GIVEN ENTRIES section start
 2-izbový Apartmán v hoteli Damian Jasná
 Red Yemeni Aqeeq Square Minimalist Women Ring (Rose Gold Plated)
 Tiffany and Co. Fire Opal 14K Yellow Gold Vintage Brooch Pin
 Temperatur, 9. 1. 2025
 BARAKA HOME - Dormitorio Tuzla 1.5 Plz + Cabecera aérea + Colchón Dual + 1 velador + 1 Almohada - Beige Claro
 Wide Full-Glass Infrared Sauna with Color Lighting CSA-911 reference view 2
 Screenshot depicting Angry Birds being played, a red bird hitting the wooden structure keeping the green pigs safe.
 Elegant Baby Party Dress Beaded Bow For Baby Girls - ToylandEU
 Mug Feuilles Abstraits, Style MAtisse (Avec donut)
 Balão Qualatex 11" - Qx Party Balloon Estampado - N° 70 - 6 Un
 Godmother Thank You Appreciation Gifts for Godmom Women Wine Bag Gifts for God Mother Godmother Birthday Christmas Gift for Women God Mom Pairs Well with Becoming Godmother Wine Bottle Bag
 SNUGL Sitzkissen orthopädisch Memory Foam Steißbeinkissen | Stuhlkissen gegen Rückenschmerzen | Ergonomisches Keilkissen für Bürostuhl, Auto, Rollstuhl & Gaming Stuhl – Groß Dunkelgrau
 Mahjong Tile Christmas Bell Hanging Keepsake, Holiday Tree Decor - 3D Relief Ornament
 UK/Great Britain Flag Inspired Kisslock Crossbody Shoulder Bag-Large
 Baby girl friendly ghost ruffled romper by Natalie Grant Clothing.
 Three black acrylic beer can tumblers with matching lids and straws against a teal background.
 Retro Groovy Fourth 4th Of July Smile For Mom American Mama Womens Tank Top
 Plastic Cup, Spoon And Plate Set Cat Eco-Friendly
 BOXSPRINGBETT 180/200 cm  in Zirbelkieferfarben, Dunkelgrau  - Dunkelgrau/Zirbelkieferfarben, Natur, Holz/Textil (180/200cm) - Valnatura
GIVEN ENTRIES section end
Exactly the lines from the one containing "Retro Groovy Fourth" through the end of the listing above, inclusive, are to be written out, and no others.

 Retro Groovy Fourth 4th Of July Smile For Mom American Mama Womens Tank Top
 Plastic Cup, Spoon And Plate Set Cat Eco-Friendly
 BOXSPRINGBETT 180/200 cm  in Zirbelkieferfarben, Dunkelgrau  - Dunkelgrau/Zirbelkieferfarben, Natur, Holz/Textil (180/200cm) - Valnatura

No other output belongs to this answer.